After a significant year for insurers in 2017, with the Government making a swift U-turn on proposals to recalculate discount rates, many insurers are looking ahead to 2018 and what it will bring for the industry. Whilst many may be hoping for a more stable year after the relative turbulence of the previous one, several industry-specific, legislative and political milestones which lie on the horizon still have the potential to rock the boat, both for the insurers and their clients.
In early 2017, the Government made an announcement which caused the insurance industry to collectively look up with both shock and confusion. It was announced that the discount rate, also known as the Ogden rate, was to be slashed from 2.5 per cent to -0.75 per cent.
The Ogden rate is used by the courts when calculating the lump sum amount to be awarded to personal injury claimants. This takes into account the net rate of return which the claimant might reasonably expect from an insurance pay out, after further re-investment.
Whilst the changes would ultimately mean that claimants would receive larger pay outs for major personal injury claims, for insurers the cut to the Ogden rate is bad news, with many talking about the potential hit to their bottom line. As a further consequence of this, consumers would have seen an increase in their insurance premiums, as insurers moved to make up the deficit.
After the initial outcry, the insurance industry as a whole managed to lobby the Government for the rate change to be reversed. Although this reversal was announced by the Ministry of Justice back in September, the legislative change as of yet still remains on the agenda and it is unclear as to when it will be pushed through.
Car insurance premiums increased by 9.6 per cent in 2017 according to analysis from Consumer Intelligence, however, following the Government U-turn prices dropped in the last quarter. This is positive to see and proves that there is confidence within the industry that the changes will come through eventually, however the Government’s priorities at the moment are very much focussed on dealing with EU exit legislation. It seems the waiting game is still on.
A general push within the industry to crack down on fraud has heralded some further changes. These were originally expected to be brought in during 2018 and involve a rethink of the way whiplash compensation is awarded. Particularly in the motor insurance industry and in relation to road traffic accidents (RTAs), whiplash claims have long been viewed through a somewhat sceptical lens by insurers, and bogus claims have been pegged as a major contributing factor to the spiralling premiums of UK motorists.
The first sign of reform was announced by the Government back in 2016, however the continuing prioritisation of Brexit has pushed the timescales back further and the package, part of the Civil Liabilities Bill, is now timetabled in for April 2019. Under the new rules, claimants for minor injuries, including whiplash, could receive as little as £225 in compensation.

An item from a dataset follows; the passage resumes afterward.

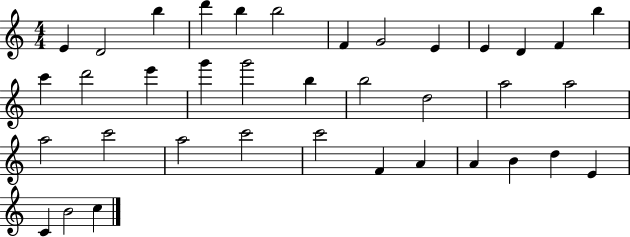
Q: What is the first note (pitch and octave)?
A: E4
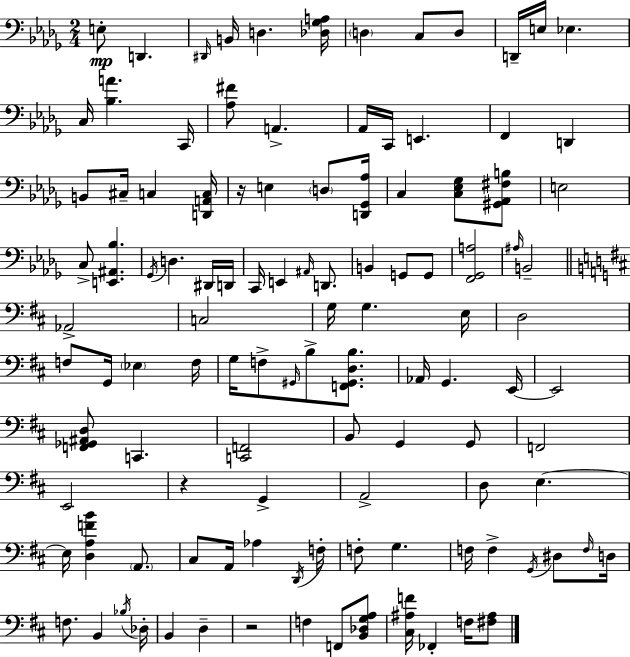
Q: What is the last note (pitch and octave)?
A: F3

Alongside this, other personal injury reforms were announced, including an increase of the small claims limit for RTAs from £1,000 to £5,000 and from £1,000 to £2,000 for all other personal injury claims. This ultimately means that any claim brought forward for less than the amount stated will be dealt with through the small claims courts, potentially by litigants in person, rather than through traditional channels, for example, using a solicitor.
Although a date has now been set for the arrival of the new legislation, which will no doubt receive a positive response from insurers, it is highly likely that further delays may be experienced due to the UK’s looming exit date from the European Union.
The rise in potentially fraudulent claims has been affecting a vast number of people, both in the insurance industry and amongst motorists, who have seen their annual premiums skyrocket in recent years. After the turbulence caused by the shock change to the discount rate in 2017, this raft of reforms will be welcomed.
Any outlook to the rest of 2018 would be remiss to ignore the impact of the General Data Protection Regulation (GDPR), due to come into force in May. This updated piece of law relating to the use and storage of sensitive personal information will affect businesses of all sizes, operating across numerous industries. However, for the insurance industry, its arrival ties in with a topic that’s been on the agenda for some time, namely the increase in demand for cyber insurance products. Recent high-profile data breaches, involving large corporates such as Uber and Morrisons have caused many firms to turn to their internal processes and ensure that suitable protection is in place, should the worst happen and a breach is experienced.
However, for the insurance industry, this brings up a tricky question. Due to the relatively new awareness of cyber security and the threats posed by data breaches, many insurers are unsure about the specific advice to offer in relation to policies which cover cyber security.
Data security breaches are unique due to the complexity of calculating the exact financial damage incurred should an organisation be subject to one. The data available around this topic is currently very limited and as a knock-on effect, this has caused immense variation in the types of policies and cover being offered by insurance brokers.
At a time where data security is only going to influence public perception more greatly, not least because of the onset of the GDPR, the insurance industry must collaborate to move forward. This involves jointly assessing the type and subsequent effect of data breach simulations, allowing valuable insight to be gained into the longer-term effects and how these can be addressed through cyber business insurance policies.
Much of the tumult of 2017 might have passed, but there is still a large amount which needs to happen over the next 12 months. Many welcome changes are in the pipeline but until then insurers, just like other businesses, must get to grips with the challenges on the horizon, not least those posed by Brexit.
Narrinder Taggar is a partner and defendant personal injury insurance litigation specialist at law firm, Shakespeare Martineau.